Short web captions
--- START ---

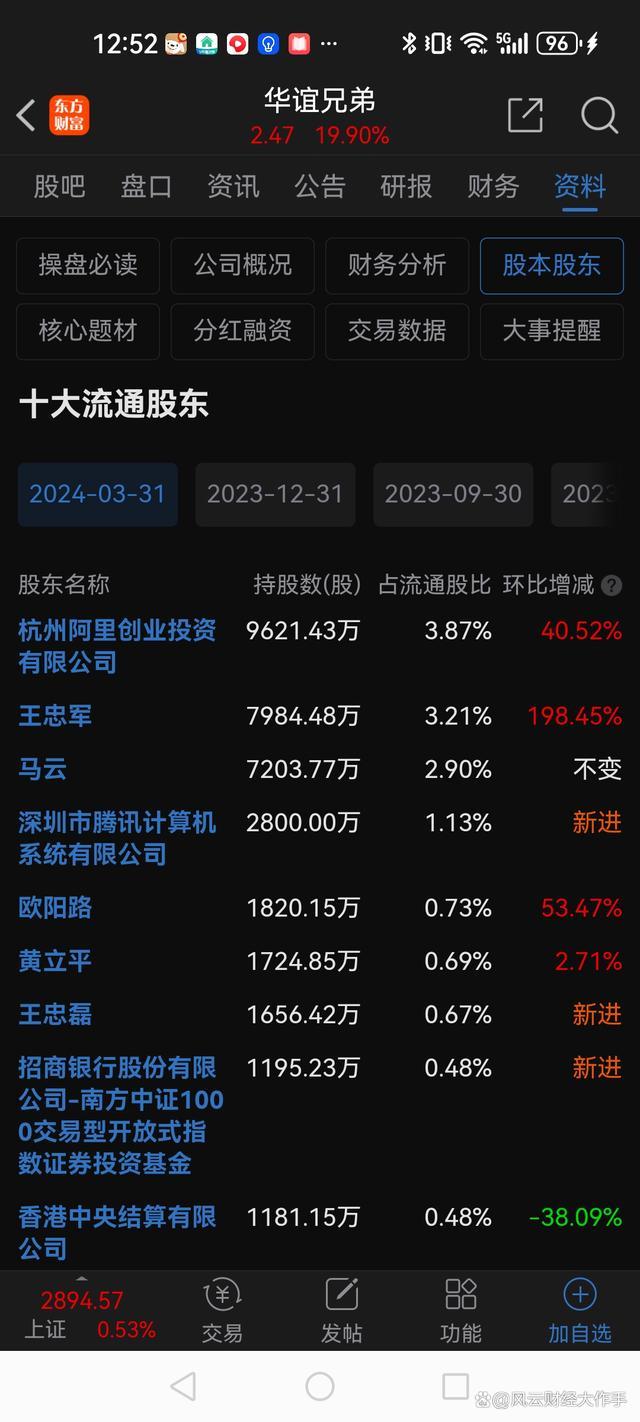 华谊兄弟4天暴涨43% 创业板火爆下的逆袭典范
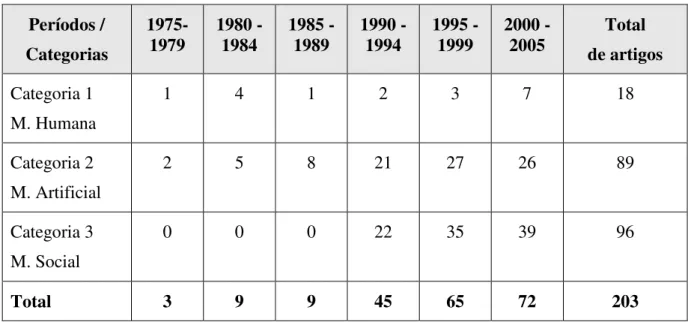 Tabela 1: Artigos sobre memória na base LISA x categoria (1975 – 2005)  Fonte: elaboração própria, a partir da base LISA 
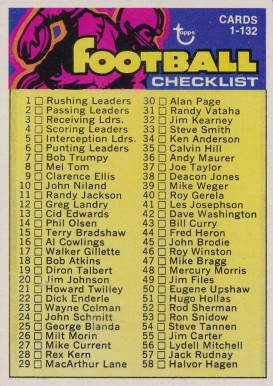 1973 Topps Checklist 1-132 #68 Football Card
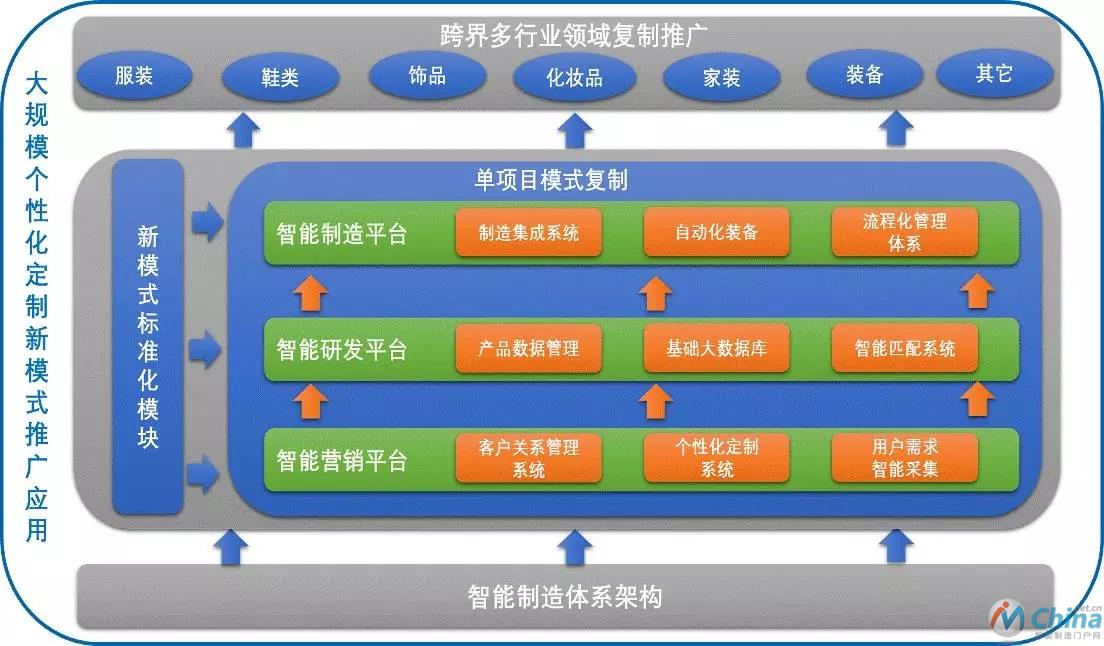 AMD Ryzen 5 5500：性能狂潮，游戏无敌，能效超群  第3张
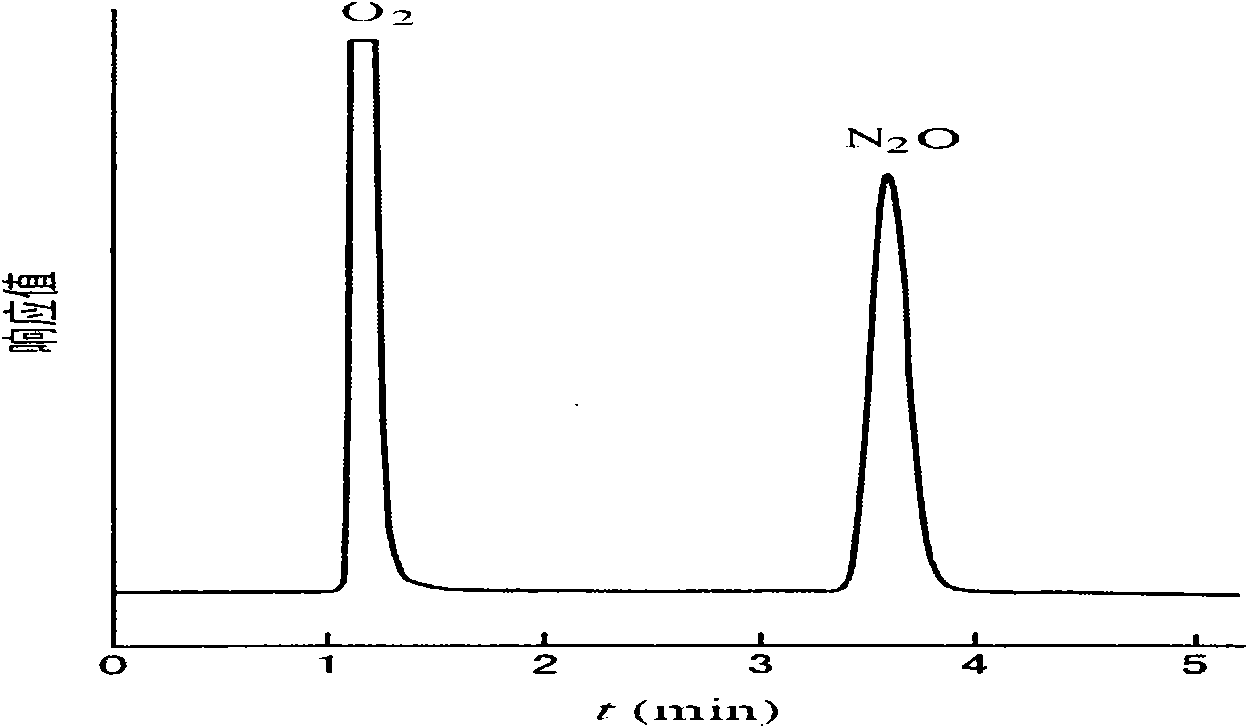 Bacillus cereus with heterotrophic nitrification-aerobic denitrification performance and N2O emission control method thereof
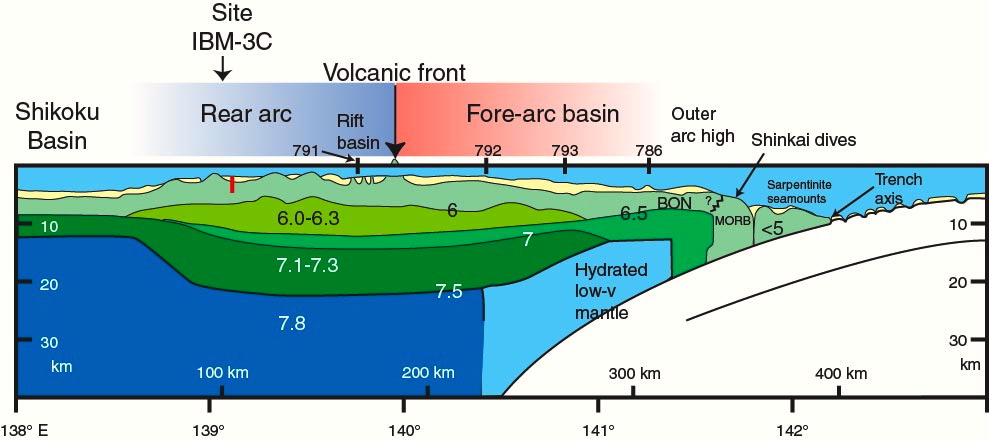 2-000-meters-under-the-sea-the-current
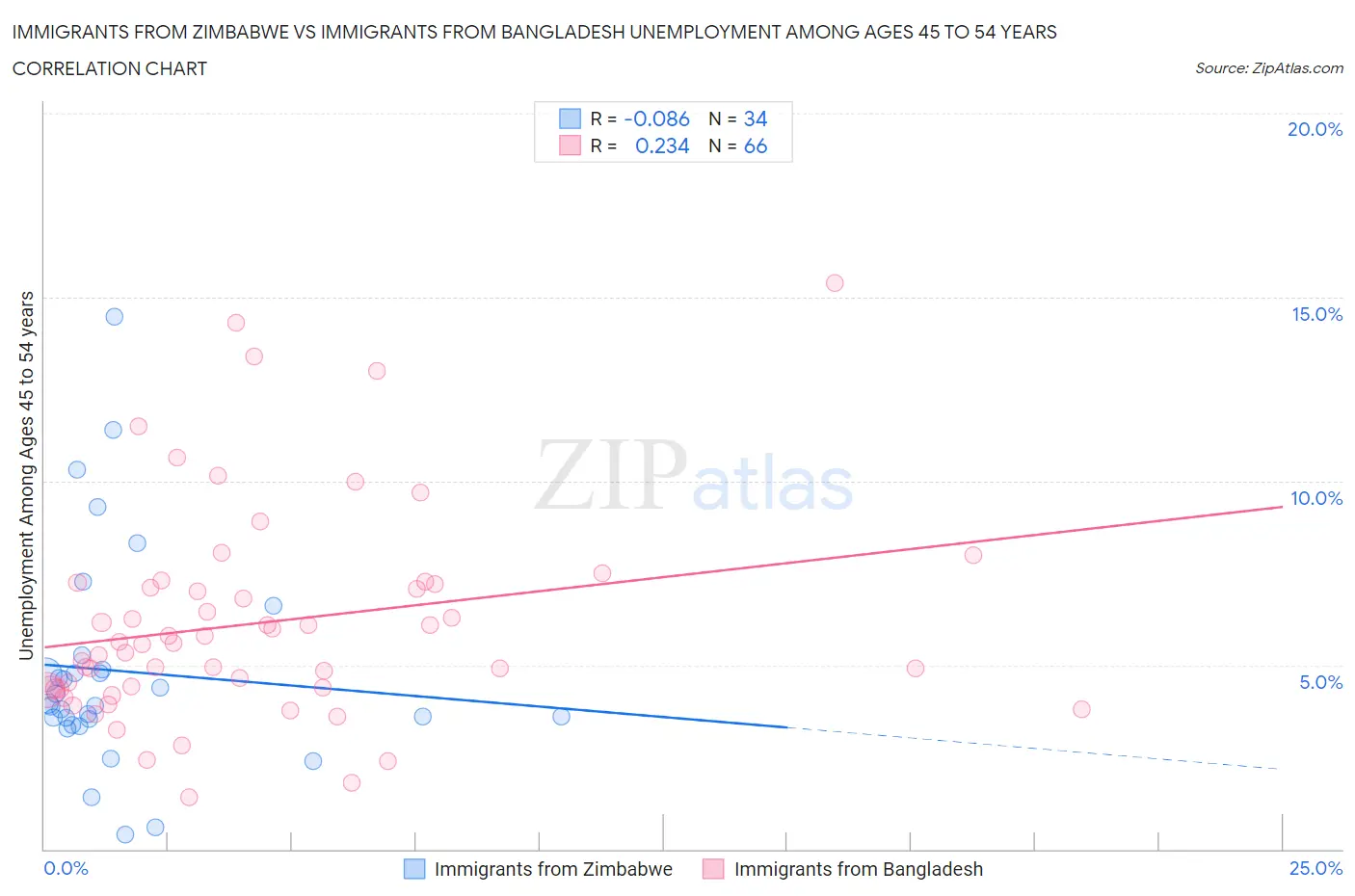 Immigrants from Zimbabwe vs Immigrants from Bangladesh Unemployment Among Ages 45 to 54 years
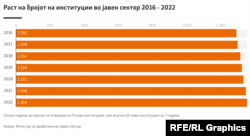 Инфографика - Раст на бројот на институции во јавен сектор 2016 - 2022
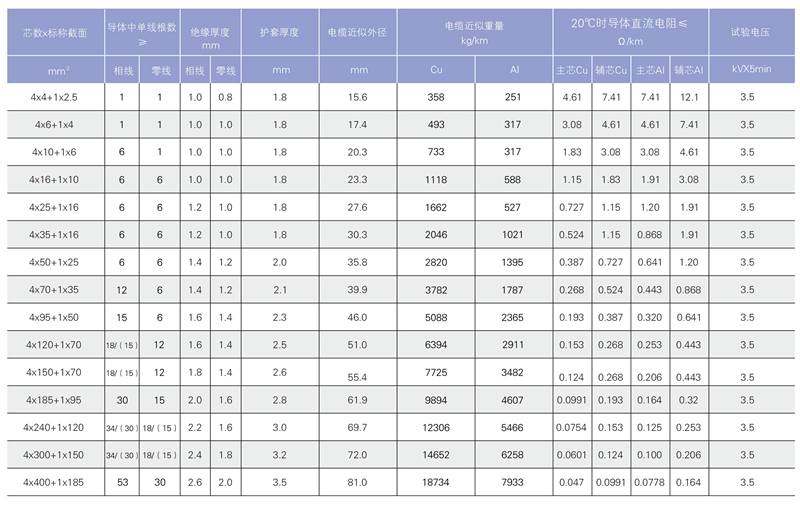 阻燃電纜-4
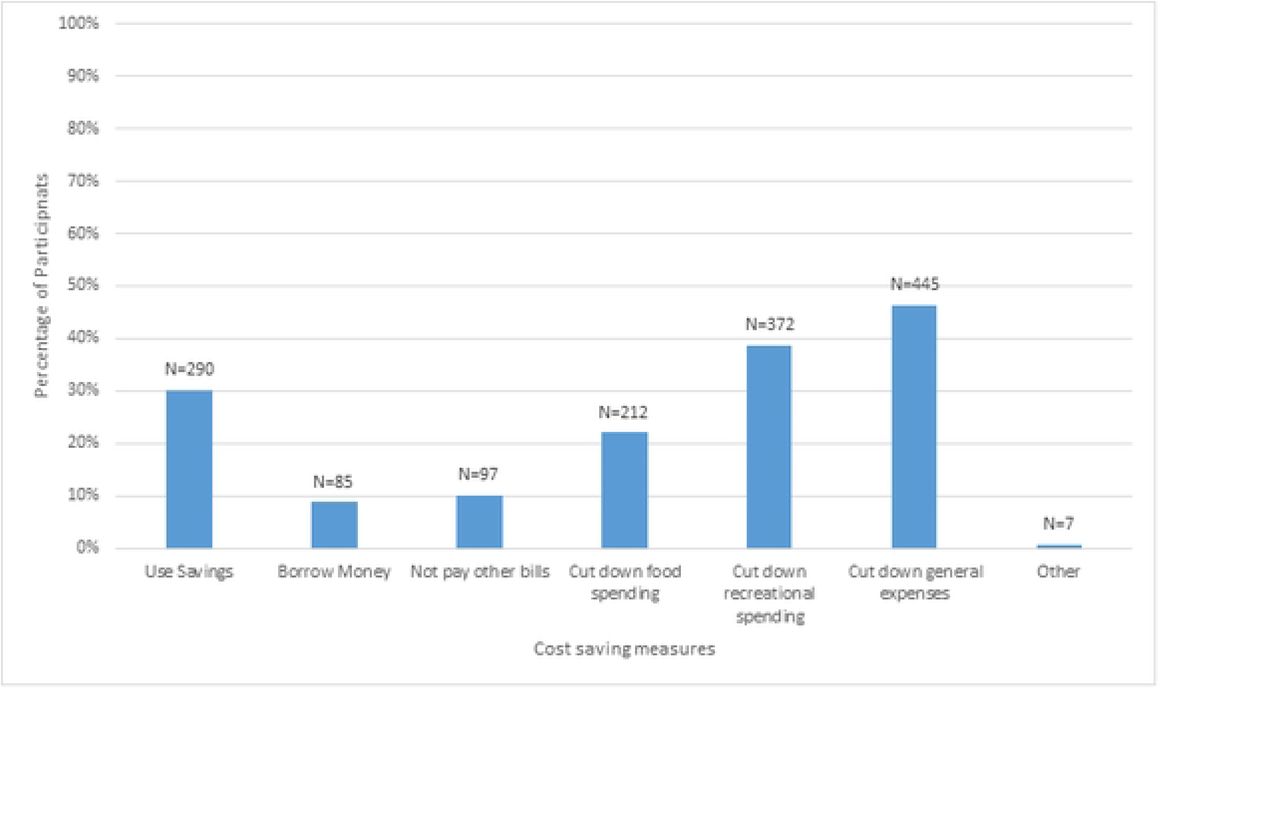 Real-life experiences of cost saving measures when faced with healthcare cost challenges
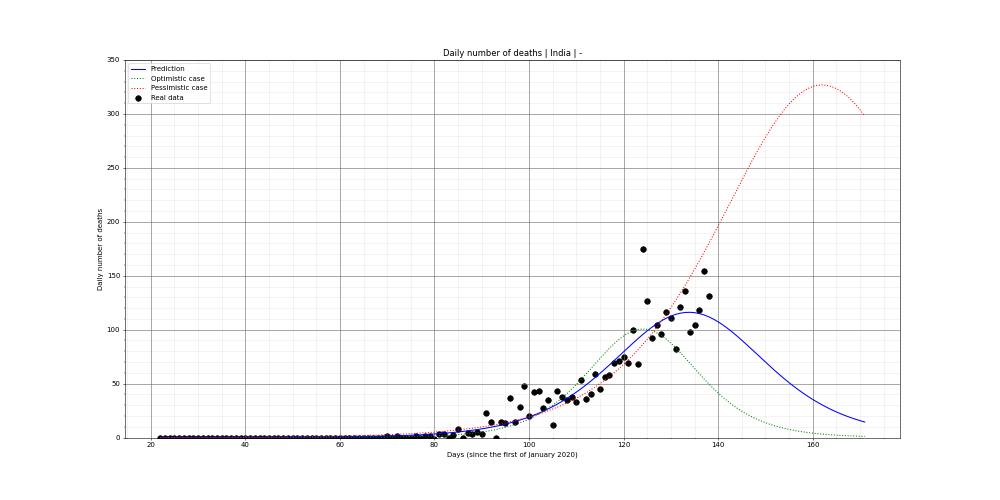 Prediction of the daily deaths for India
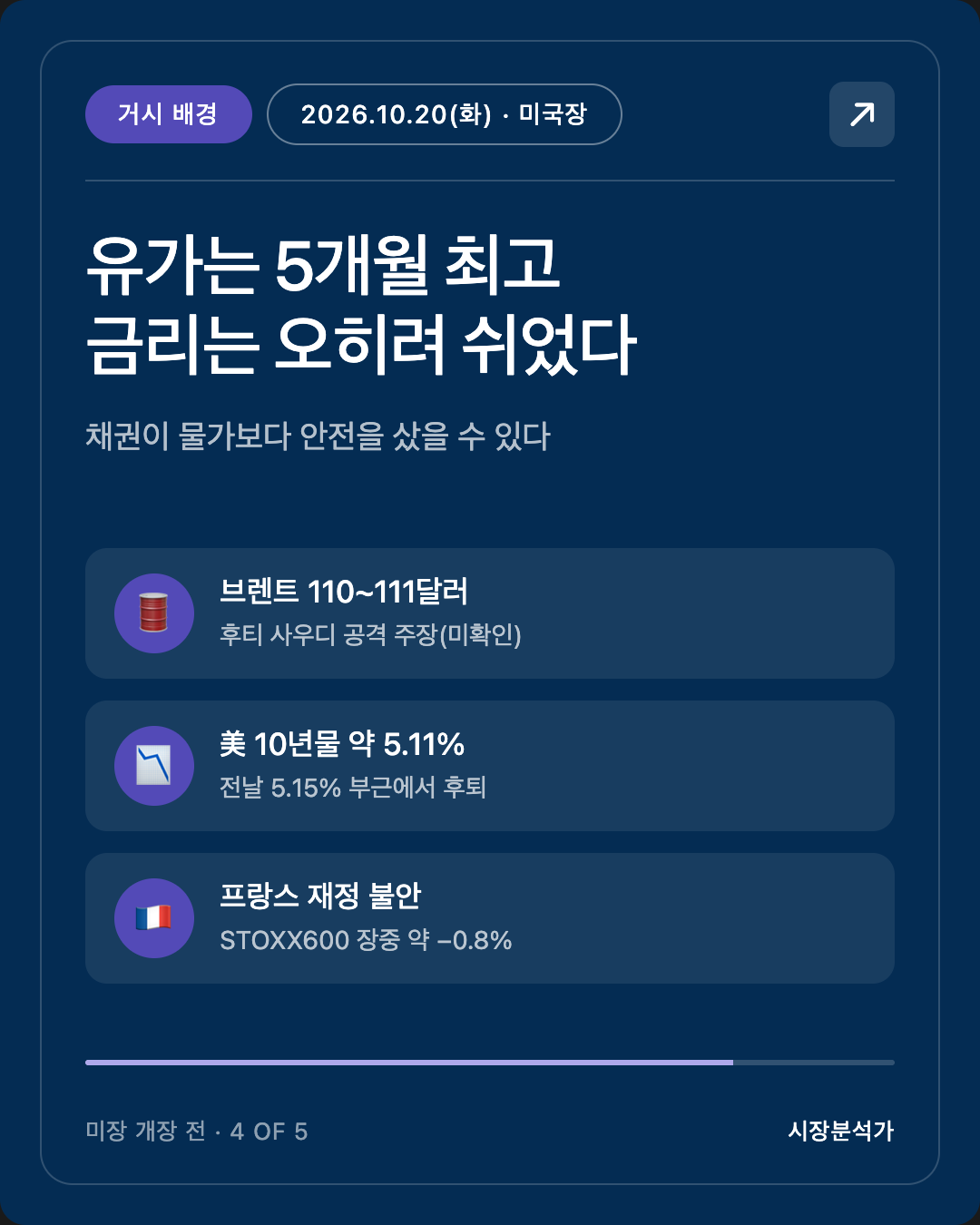거시 배경 — 유가는 5개월 최고 금리는 오히려 쉬었다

--- END ---

> The task
Only the lines from the one containing "2-000-meters-under-the-sea-the-current" through the final line of the entries belong in the copy, both ends included. Pictures stay out.

> Exercise result
 2-000-meters-under-the-sea-the-current
 Immigrants from Zimbabwe vs Immigrants from Bangladesh Unemployment Among Ages 45 to 54 years
 Инфографика - Раст на бројот на институции во јавен сектор 2016 - 2022
 阻燃電纜-4
 Real-life experiences of cost saving measures when faced with healthcare cost challenges
 Prediction of the daily deaths for India
거시 배경 — 유가는 5개월 최고 금리는 오히려 쉬었다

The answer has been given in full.